2月27日の明治安田生命J1リーグで、FC東京は浦和レッズのホームに乗り込んでの開幕戦。先制点を奪われながらも自身の同点ゴールで引き分けに持ち込んだ森重真人は、この勝ち点1を前向きにとらえようとしている。

上写真=同点ゴールを叩き込んで吠える。森重真人は攻撃の起点としても効果的なパスを披露した(写真◎小山真司)

■2021年2月27日 明治安田生命J1リーグ第1節(@埼スタ/観衆4,943人)
浦和 1-1 FC東京
得点:(浦)阿部勇樹
   (F)森重真人

「交代選手が入ってきてからギアが上がった」

 開幕戦。アウェーゲーム。勝ち点1。悪くない。

 悪くはないのだが、新監督を迎えて意気上がる浦和レッズに押し込まれる形で自分たちの良さを封じられたから、森重真人の中にももどかしさは残る。

「全体を振り返ってみて、自分たちのやりたいことはできなかったという印象です。もっとアグレッシブに奪いにいくことや、相手の嫌なところを突いていくことを前半からしなければいけなかった。点を取られて、交代選手が入ってきてからギアが上がったかな。それを前半からやらないと」

 浦和の阿部勇樹に先制されたのが74分。その後に三田啓貴、青木拓矢、田川亨介が投入されて、86分に森重が決めた同点ゴールも交代選手のプレーからだった。田川がファウルを受けてFKを獲得。これを森重の頭に合わせたのは、三田の鋭い左足のキックだった。森重は後ろからくる難しいボールをヘッドで叩きつけると、ボールはワンバウンドしてゴールに吸い込まれた。

 終盤になって交代選手のパワーを使うことができたからこそ、特に前半の堅さに悔いを残す。ボールを動かす相手に後手を踏む形で、攻守の両方に課題を感じていた。守備では「迷い」。

「守備の行き方ですよね。奪いに行くところで迷いが生じて、後ろから声をかけるのはもちろんですけど、共通理解を持って試合の中で修正しなければいけなかった」

 攻撃では「ノッキング」。

「奪ったあとにボールを失うことが多くて、スムーズに前線につなげませんました。

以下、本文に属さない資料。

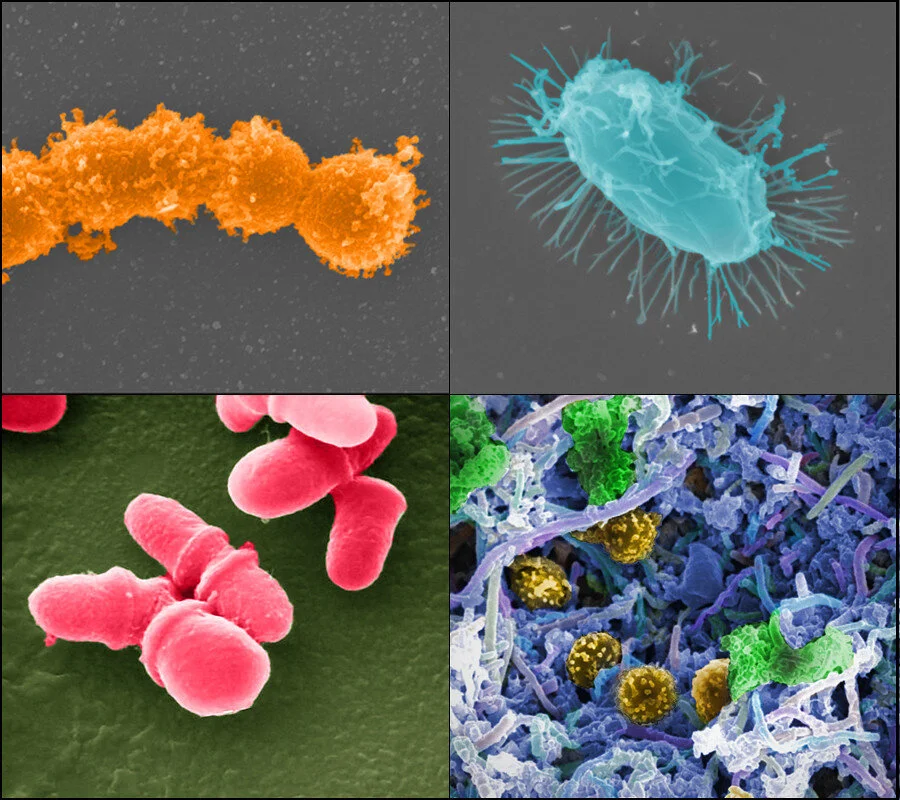 The Difference Between Prebiotics And Probiotics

そこは今日の課題でしたね」

 長谷川健太監督も、遅れて合流した外国籍選手のコンディションが揃っていないことを明かしている。ディエゴ・オリヴェイラが前半で交代、アルトゥール・シルバが75分、レアンドロも81分で退いた。

 それでも勝ち点1を拾ったことは、大きな収穫ととらえることができる。森重はそこを評価する。

「開幕戦はみんな堅くなるのは分かっていました。だからセットプレーは攻守に重要だと思っていて、その通りに取られたし決められたし、何とか引き分けでアウェーを終われたのはよかったです」

 FC東京の今季最大の目標は、リーグ優勝。そのために長谷川監督が課すのは60ゴールだ。開幕戦でまずは一つ。残り59ゴールだ。